RE: Commencement Speech

Dear ________

Congratulations! We here at ______ University would like to invite you to be our commencement speaker. This, as you know, is a great honor. You would join the ranks of ______ last year and ______ the year before and also _______, who was going to be our speaker this year, but, unfortunately, had to be dropped due to protest from the student body. Not the entire student body. Certain members. Seven members, to be exact. Seven loud, sign-waving, endlessly blogging members.

But we here at ______ University think every voice should count.

Would your voice be available next Sunday?

Before you commit (well, to be honest, before we commit) we'd like to confirm a few small things. Just standard questions. You understand.

For example, have you ever owned a gun, fired a gun, asked someone else to fire a gun or taken away a gun? Have you ever told anyone at a cocktail party that guns should be outlawed or that everyone should have at least eight guns in their kitchen, and, if so, what are the chances there was a tape recorder at that cocktail party?

If you answered "no," great! The deal's still on. Please continue. Just a few more.

Skeletons in the past?

Are you currently straight, gay, bi or transgender, or have you ever been straight, gay, bi or transgender? If you answered "yes" or "no," that's fine. If you answered "Hell, no," we would like to withdraw our offer.

Have you ever expressed an opinion on conservative politicians, liberal politicians, the president, the vice president, foreign leaders or foreign secretaries? Have you ever dated your secretary?

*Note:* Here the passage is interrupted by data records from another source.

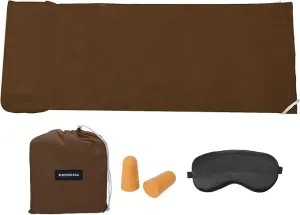 PATIKIL Sleeping Bag Liner Lightweight Soft Travel Camping Sheet Sleep Sack Compact Sleeping Bags Set with Carry Bag for Backpacking Camping Travel Hotel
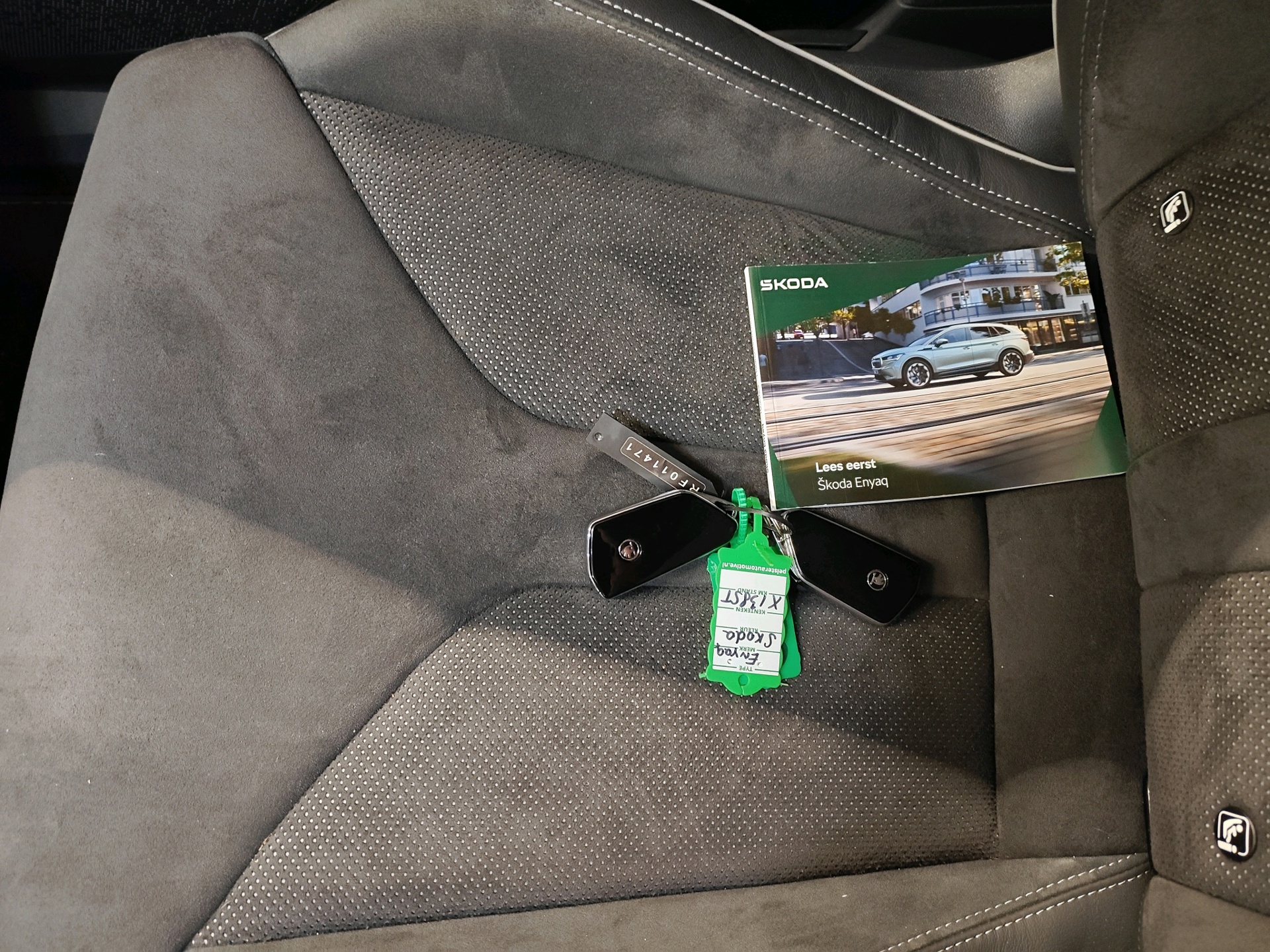 Foto van Skoda Enyaq 85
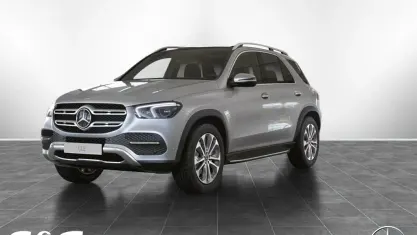 Gebraucht Mercedes GLE350 272 PS (200 kW) 2021 Iridiumsilber metallic SUV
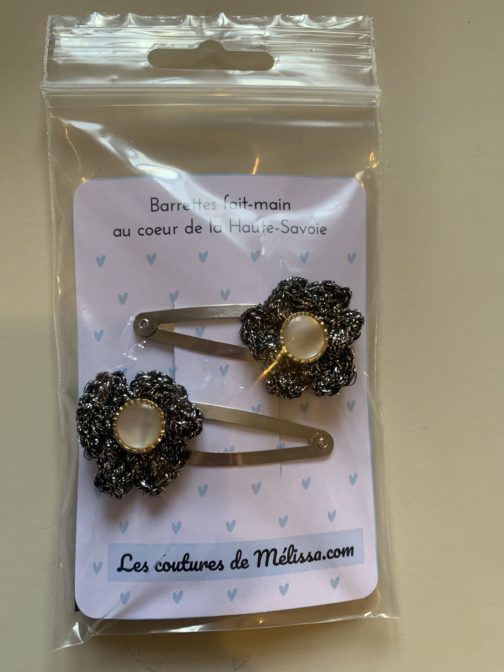 Barrettes à fleurs – Image 22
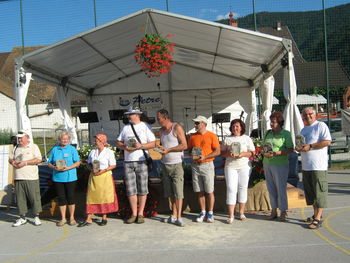 Društvo Talon osvojilo srebrno medaljo Vitanju Društvo Talon osvojilo srebrno medaljo Vitanju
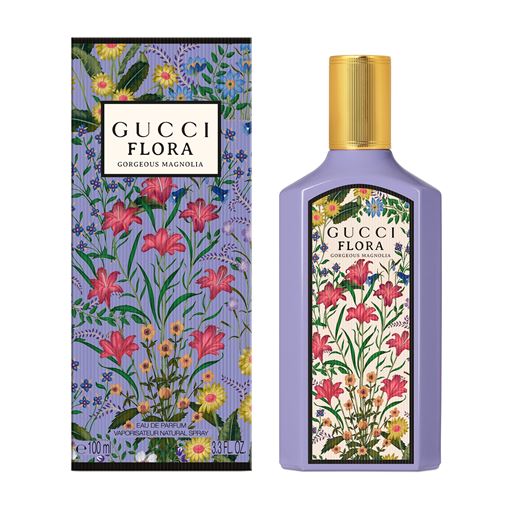 Gucci Flora Gorgeous Magnolia Eau De Parfum, 100 ml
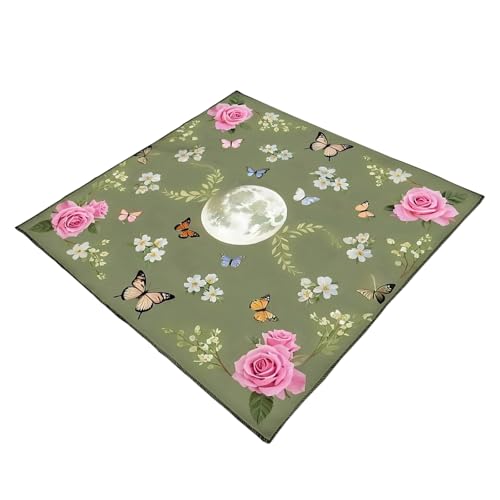 Zkydhbd Premium Tischdecke 50x50cm 60x60 cm 75x75cm Softes Spiel Für Kartenlesen & Board Tragbares Spread Tuch Zkydhbd Premium Tischdecke 50x50cm 60x60 cm 75x75cm Softes Spiel Für Kartenlesen & Board Tragbares Spread Tuch von Zkydhbd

Still "no"? Wonderful. This only confirms what an excellent choice you are for our commencement.

Just a few more items.

Have you ever made a comment about race, slavery, immigration, religion, atheism, cannibalism or witchcraft?

Have you ever e-mailed, tweeted, posted, Facebooked, blogged or Instagrammed any thoughts on pornography? Have you ever posed in any state of undress? Have you ever stuck a camera down your pants and sent that to someone?

Just standard questions.

Only a few more.

The Snooki Factor?

You understand our concern, of course. With the recent cancellation of commencement speakers at Swarthmore (Robert Zoellick, the former World Bank president) and Johns Hopkins (Ben Carson, the world-renowned neurosurgeon) we can't be too careful. After all, Zoellick was protested over his previous support of the Iraq war. And Carson withdrew after making comments about gay marriage on the Sean Hannity show.

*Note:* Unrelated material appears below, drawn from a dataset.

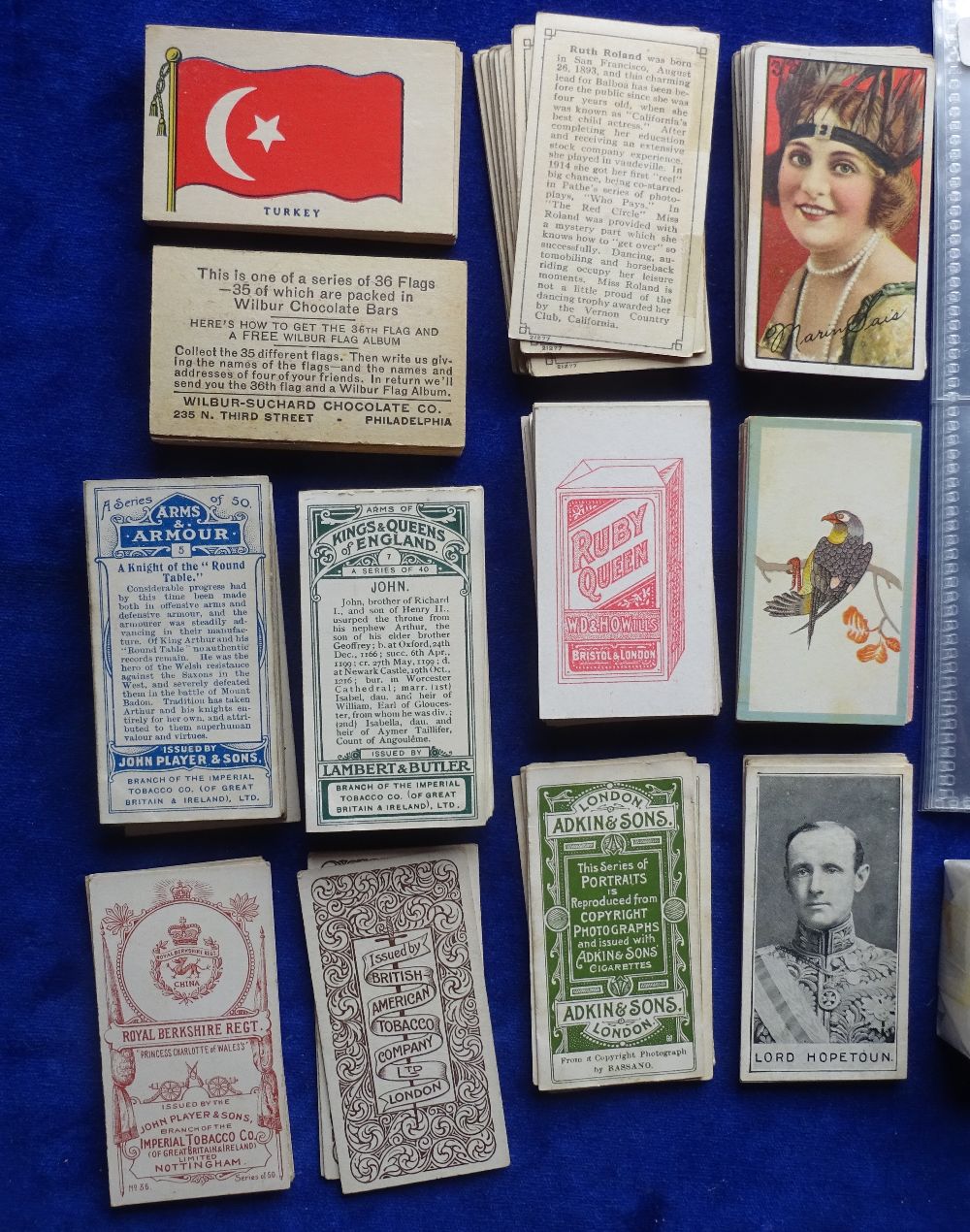 Cigarette cards, Selection of part sets and odds, some better noted including Wills Scissors - Image 2 of 4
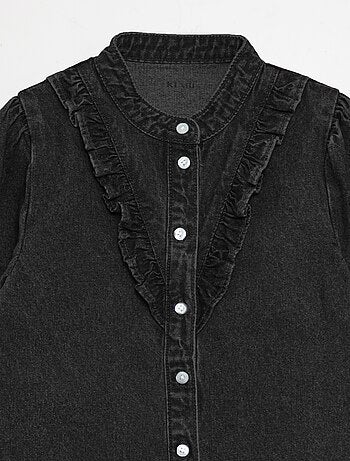 Camisa de ganga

No one is safe. There have been protests over President George W. Bush, President Barack Obama and Sarah Palin speaking. Even James Franco, the actor, was heavily criticized when speaking at UCLA. And that's in Los Angeles! They love actors there!

By the way, have you ever been in a movie - one that we should know about, that is? A small film? Involving nudity of any kind?

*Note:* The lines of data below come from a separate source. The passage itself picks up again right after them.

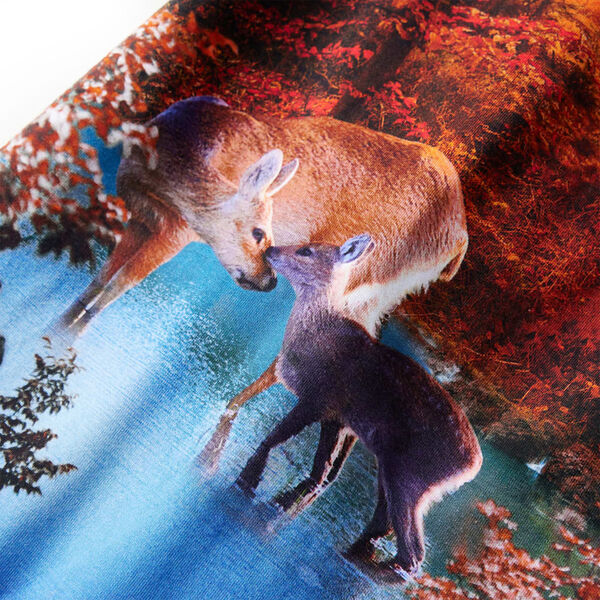 Vaiki&scaron;ka suknelė ilgomis rankovėmis, tamsiai mėlyna, 128 dydžio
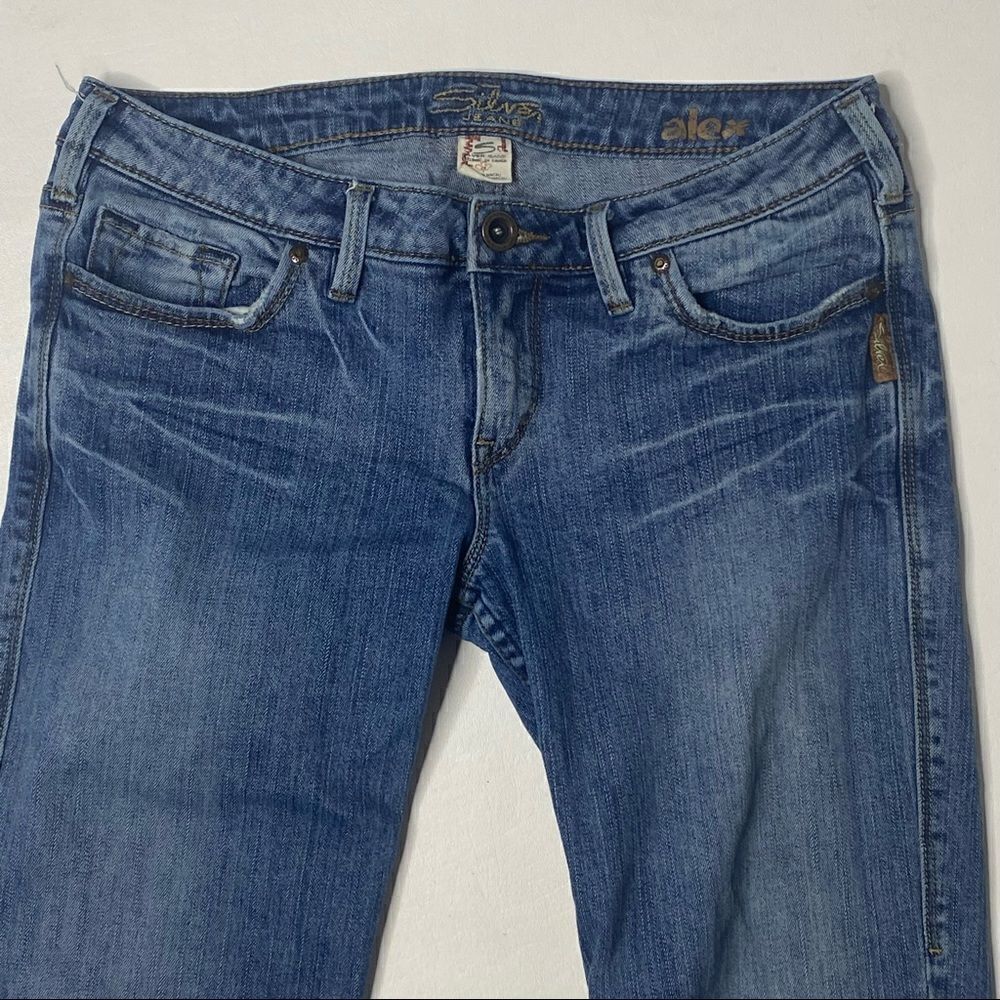 Silver Jeans Co | Alex Denim Capri’s - Picture 2 of 7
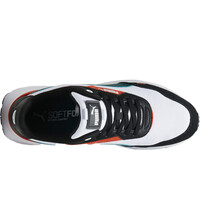 Puma zapatilla moda hombre Runtamed Plus vista superior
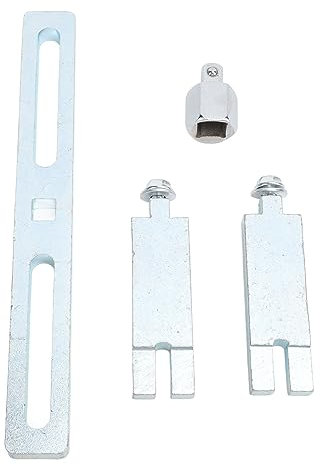 Fuel Pump Removal Tool Lock Ring Spanner Aluminum Alloy Right Angle Design for Fuel Tank Lid Cover Removal Repair Kit 4 Pieces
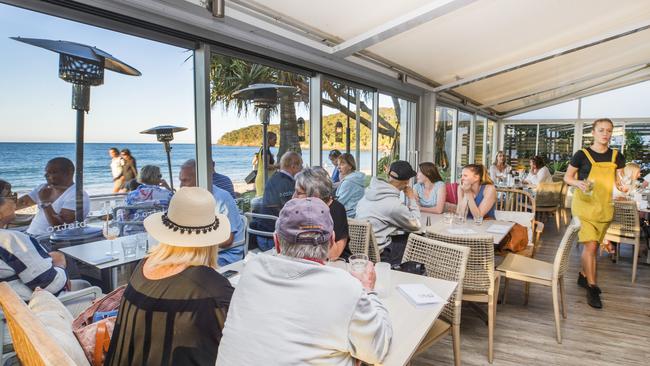 Bistro C at Noosa Main Beach. Photo Lachie Millard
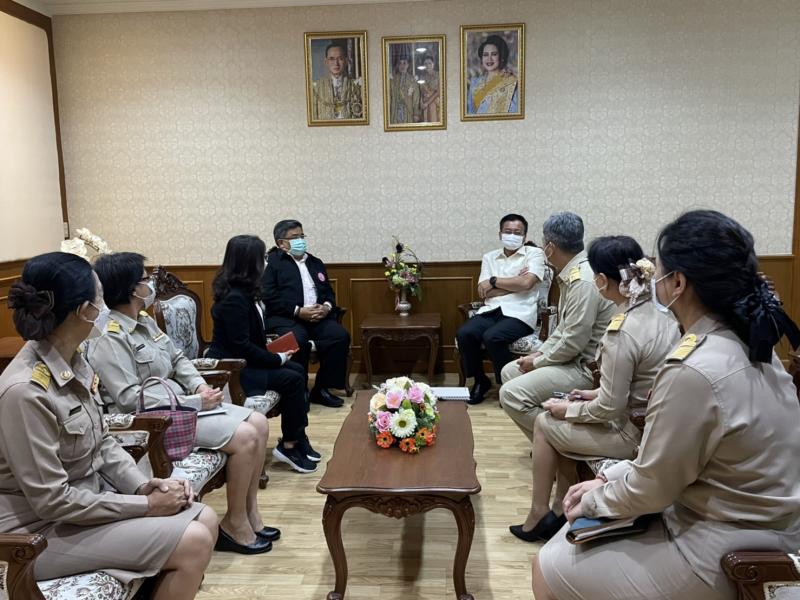 ผต.พม.ลงพื้นที่ตรว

Have you ever been in the cast of "Jersey Shore"? We all remember the fuss when Snooki talked at Rutgers. I'm sure you agree, we don't want that!

Because after all, this is about the students, right? All the students. Every one of the students. Every blessed, single, angry, vocal, opinionated, self-indulgent one of the students--

Sorry. This has been a frustrating process. To be honest, we are only asking you after striking out with ______ and ______ and all nine members of ______ and the entire cast of ______.

Assuming you have made it this far, please accept our offer of a cap, gown and hood, plus a wonderful spread of coffee and assorted pastries.

We regret to say there is no speaker's fee, as too many students protested that we could better use the money on something important, like HBO for their dormitories.

Looking forward to the wisdom you will impart to our graduates. Kindly remember no cursing, blue humor or compliments of any kind about a person's looks.

Oh. And if you exceed 15 minutes, your microphone will be cut off, in fairness to the Short Attention Span Club.

Remember, inclusive, inclusive, inclusive! It's what makes our university so exclusive.